- _WHAT TO DO_: Here is the task for the listing below: output exactly the lines from the one containing "and yellow skin" through the one containing "55 Reece Street", and leave out the pictures.

++++ MATERIAL FOR THIS EXERCISE

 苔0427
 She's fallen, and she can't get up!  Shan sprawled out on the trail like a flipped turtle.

++++++++
++++ MATERIAL FOR THIS EXERCISE

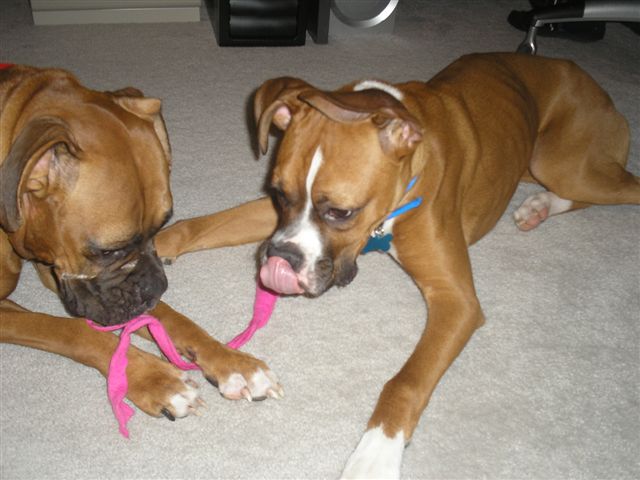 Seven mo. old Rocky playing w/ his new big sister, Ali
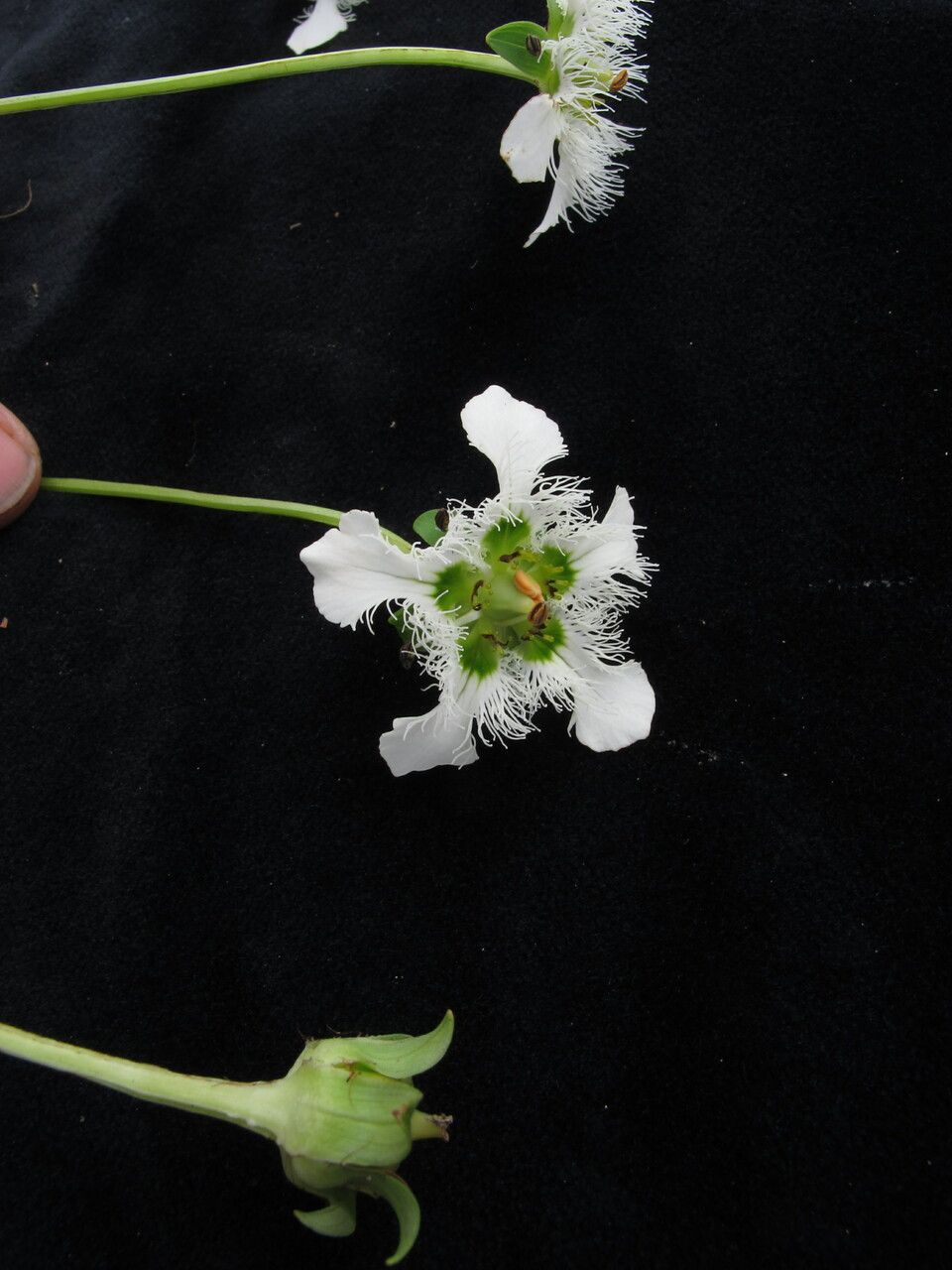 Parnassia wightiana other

++++++++
++++ MATERIAL FOR THIS EXERCISE

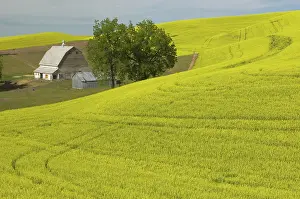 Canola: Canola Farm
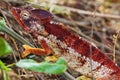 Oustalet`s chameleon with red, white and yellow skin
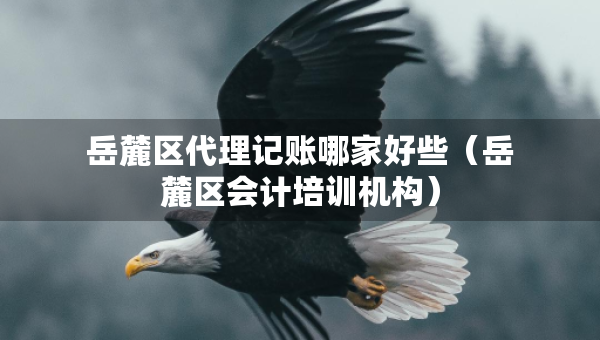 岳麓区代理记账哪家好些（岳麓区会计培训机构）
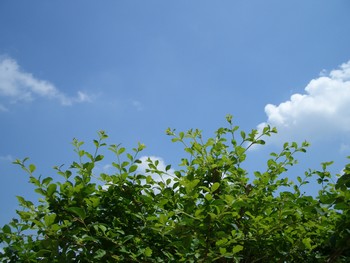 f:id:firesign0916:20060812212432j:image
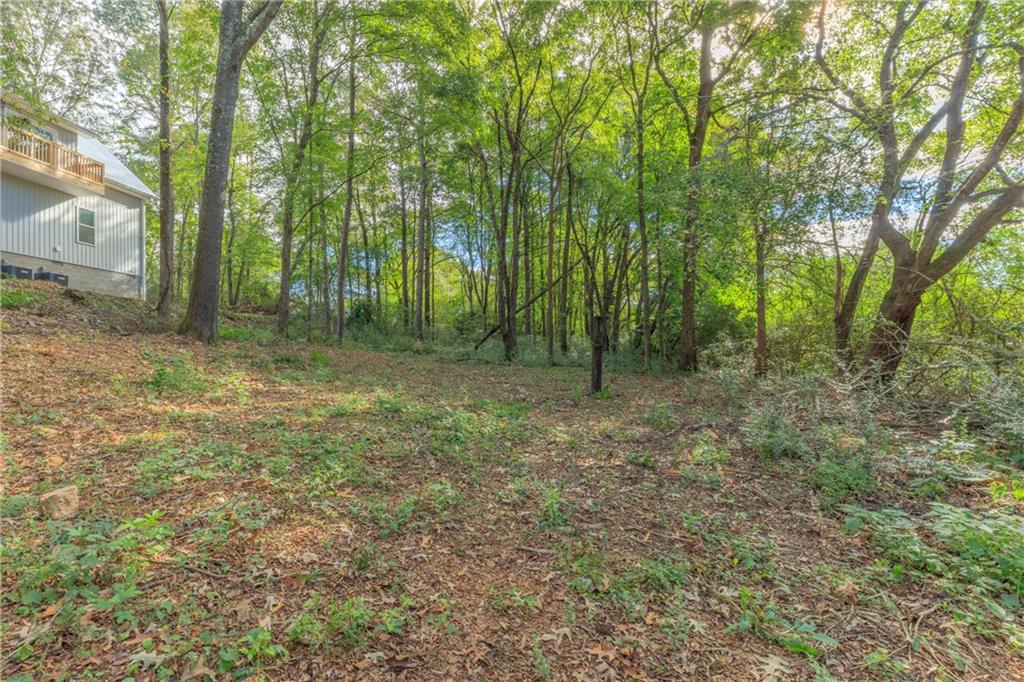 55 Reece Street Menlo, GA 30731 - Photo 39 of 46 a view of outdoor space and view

++++++++

- _ANSWER TO THIS TASK_:
 Oustalet`s chameleon with red, white and yellow skin
 岳麓区代理记账哪家好些（岳麓区会计培训机构）
 f:id:firesign0916:20060812212432j:image
 55 Reece Street Menlo, GA 30731 - Photo 39 of 46 a view of outdoor space and view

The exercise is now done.